Corriere del Veneto (Padova e Rovigo)
Macché «veneto ubriacone»: in alcolici si spende meno che nel resto d’Italia
I veneti sono un popolo di VENEZIA persone morigerate. Spendono qualcosa in più per l’abbigliamento e per l’automobile ma in quanto a ricevute dei ristoranti, fra le regioni del Nord, per parsimonia siamo alle spalle soltanto della Valle d’Aosta. Soprattutto, per fumo e bevande alcoliche, siamo anche quelli che, nel contesto della capacità di spesa pro capite, in proporzione buttano meno soldi. Vale a dire solo l’1,3% della somma complessiva mensile, contro, ad esempio, l’1,7% della Lombardia, l’1,8% della Liguria fino al 2,5% della Calabria.
Lo dice l’Istat nel rapporto diffuso ieri sui comportamenti di spesa degli italiani e che analizza le quattordici principali categorie verso le quali si indirizzano i nostri flussi finanziari in uscita. Si tratta di dati recenti, riferiti al 2017, i quali non vanno così nel dettaglio per consentirci di comprendere se i veneti spendano più per la birra o per la grappa. Però sono sufficienti a spostare nell’area del dubbio, certe ricorrenti asserzioni relative alla presunta spiccata inclinazione all’alcol della nostra società. «Certo, il dato smentisce lo stereotipo che vuole i veneti avvinazzati a viziosi – rileva Luca Giavi, direttore generale del Consorzio di tutela del prosecco Doc – ed è un dato che ci piace sottolineare. Ma deve essere sempre tenuto presente che l’amore per il buon bere non passa attraverso la quantità e neppure si riflette con la portata della spesa. Si può bere meglio non necessariamente spendendo di più. I volumi, anche per il nostro osservatorio, calano ma nel frattempo cresce la propensione all’acquisto più evoluto».

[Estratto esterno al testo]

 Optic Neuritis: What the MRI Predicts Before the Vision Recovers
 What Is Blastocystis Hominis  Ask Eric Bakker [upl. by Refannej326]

Per venire ai dati generali, l’Istituto di statistica calcola in 2.753 euro la spesa media mensile della famiglia veneta, dato che può essere confrontato con le cinque regioni in cui il portafoglio si apre più di frequente – in testa Lombardia e Trento Alto Adige, con 3.050 euro, poi Toscana (2.863) Emilia Romagna (2.958) e Valle d’Aosta (2.850) – e giù a scendere, fino ai 1.800 euro delle famiglie calabresi. Quello che cambia in modo più evidente è tuttavia la ripartizione del budget. Per restare in Calabria, qui se ne va in cibo e bevande analcoliche quasi un euro ogni quattro mentre in Veneto la voce non va oltre il 15,7% (meno fanno solo trentini, lombardi, emiliani e laziali, con qualche piccolo scarto decimale).

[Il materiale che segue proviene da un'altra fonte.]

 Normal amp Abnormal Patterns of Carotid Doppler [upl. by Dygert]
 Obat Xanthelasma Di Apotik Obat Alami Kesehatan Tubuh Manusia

È nei trasporti, invece, che i veneti primeggiano in assoluto. Quasi il 13% della spesa familiare se ne va infatti in carburanti, pedaggi e altre quote che possono riguardare tanto la manutenzione del veicolo personale quanto biglietti ed abbonamenti per servizi pubblici probabilmente non fra i più economici del Paese.
Un altro tratto che descrive, in ambito settentrionale, una peculiarità veneta lo si trova nel confronto fra la spesa per abbigliamento e calzature e quella per «Ricreazione, spettacoli e cultura». Il vestirsi da noi assorbe il 4,5% del budget mensile familiare, quota inferiore solo a Lombardia, Valle d’Aosta e Trentino Alto Adige. Ma gli eventi e le occasioni più o meno culturali sembra ci interessino piuttosto poco, dato che il nostro 4,9%, cioè poco più della spesa per l’abbigliamento, ci colloca fra le ultime regioni non solo del Nord ma dell’intera penisola (nel vicino Friuli Venezia Giulia, ad esempio, si arriva al 6%).
In Veneto si spende parecchio di più in servizi sanitari, vale a dire il 5,4% del budget mensile. Più di noi, al Nord, solo in Valle d’Aosta mentre al Sud ci superano solo Basilicata, Calabria e Sicilia, regioni nelle quali va però tenuto nel conto il livello modesto di servizio sanitario pubblico.